Our Times

Brian Spangle

In the first decades of the 20th century, everyone in Vincennes knew the name Bert C. Fuller, a hometown boy who achieved fame in the world of automobile racing.

Fuller’s occupation as a driver was preceded by time spent in the boxing ring. He would later have a career in the insurance business and work in Republican Party politics. He was extremely successful in those latter pursuits, as well, partly as a result of his personality. Fuller was a popular young man, known for his friendliness and ability to charm.

Bert Fuller was born in Vincennes on Dec. 20, 1882, to Edgar and Susan Briggs Fuller. His father originally worked as a blacksmith and later operated the city’s street sprinkling wagons. In 1905, he was appointed Vincennes Police Chief. The elder Fuller died in 1908.

Fuller dropped out of high school and, not long after the turn of the century, moved out West, where he boxed. Standing 6 feet, 2 inches tall and weighing 240 pounds, he certainly had the physique for boxing. While living there, he was known as “Big Bert.”

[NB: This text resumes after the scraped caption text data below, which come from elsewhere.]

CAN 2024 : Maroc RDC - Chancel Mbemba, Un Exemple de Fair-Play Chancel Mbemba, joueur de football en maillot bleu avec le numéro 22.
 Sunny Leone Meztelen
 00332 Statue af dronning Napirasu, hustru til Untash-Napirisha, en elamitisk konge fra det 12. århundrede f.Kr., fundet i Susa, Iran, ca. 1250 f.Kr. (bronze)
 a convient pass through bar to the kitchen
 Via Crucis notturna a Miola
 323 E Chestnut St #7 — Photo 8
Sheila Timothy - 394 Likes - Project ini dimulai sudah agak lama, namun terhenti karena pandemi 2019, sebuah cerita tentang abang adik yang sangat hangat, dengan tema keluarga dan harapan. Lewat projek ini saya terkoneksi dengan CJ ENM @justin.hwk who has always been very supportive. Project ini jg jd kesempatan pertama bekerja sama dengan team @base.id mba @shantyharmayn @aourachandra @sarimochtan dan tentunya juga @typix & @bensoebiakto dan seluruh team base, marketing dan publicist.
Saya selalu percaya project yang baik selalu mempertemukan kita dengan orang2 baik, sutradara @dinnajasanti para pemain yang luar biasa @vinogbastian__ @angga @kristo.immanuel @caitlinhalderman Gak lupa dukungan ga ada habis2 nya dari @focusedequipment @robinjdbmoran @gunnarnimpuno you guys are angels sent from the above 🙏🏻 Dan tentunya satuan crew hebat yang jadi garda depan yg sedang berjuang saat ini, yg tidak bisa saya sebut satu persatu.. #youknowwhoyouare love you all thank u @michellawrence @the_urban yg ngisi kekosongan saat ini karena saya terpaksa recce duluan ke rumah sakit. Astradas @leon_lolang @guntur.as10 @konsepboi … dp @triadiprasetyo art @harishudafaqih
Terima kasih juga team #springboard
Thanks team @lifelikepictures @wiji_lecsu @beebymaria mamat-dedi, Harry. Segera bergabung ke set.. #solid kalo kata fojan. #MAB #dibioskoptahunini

He next worked for a Utah automobile company as a “demonstrator,” even traveling all over Europe for three months in 1906 to demonstrate the company’s automobiles.

Fuller raced extensively in the West, most notably in Salt Lake City, driving his 90-horsepower Ford “999,” deemed the fastest car in the world. He bought the car from pioneer automobile racer Barney Oldfield, who he toured with. On June 20, 1903, Oldfield had broken the one-minute mile, driving the “999” at the Indiana State Fairgrounds with a time of 59.6 seconds.

In 1904, in Utah, Fuller achieved a mile in 1 minute, 19 seconds, driving that same car, failing to surpass Oldfield’s record. When he made that time, a Utah newspaper described his driving this way: “People in the grand stand held their breath as he rounded the sharp turns and swaying from side to side, expecting every minute to see him crash through the fence, but he finished every lap with a broad smile which he is noted for, but which could hardly be seen through the thick coating of dust, oil and water which covered his face.”

In 1908, Fuller was back in Vincennes where he and Bert Whitehouse joined in a partnership, leasing a garage on Fairground Avenue (now Washington Avenue), doing auto sales, repairs, and rentals. The business would later be named the Wabash Automobile Co. The partnership was short lived, with Fuller selling his interest to Whitehouse in June 1909.

Fuller raced for several years at the old Vincennes Fairgrounds too, what is now Gregg Park, where he engaged in some match races, drawing enormous crowds.

He married Madie Donaldson in Clark County, Ohio, on Oct. 19, 1910.

Fuller was employed for a time as a salesman for the Robinson-Donaldson Buggy Co. at First and Main streets (Madie’s father was one of the owners of that business) and then began working as an insurance agent for the Northwestern Mutual Life Insurance Co. He would run his own insurance agency out of the Grand Hotel at Second and Busseron streets.

Fuller and his wife spent some months in Florida in 1925 and 1926. By early 1927, they had settled in Indianapolis, where he partnered in an insurance agency, later working with his son, George.

Fuller also became a sought-after Republican political organizer. In 1928, he managed the successful gubernatorial campaign of Harry G. Leslie.

Fuller died of pneumonia at his Indianapolis home on Dec. 15, 1940, just days shy of his 58th birthday. His remains were returned to Vincennes for interment in Fairview Cemetery. Madie died on Dec. 5, 1973.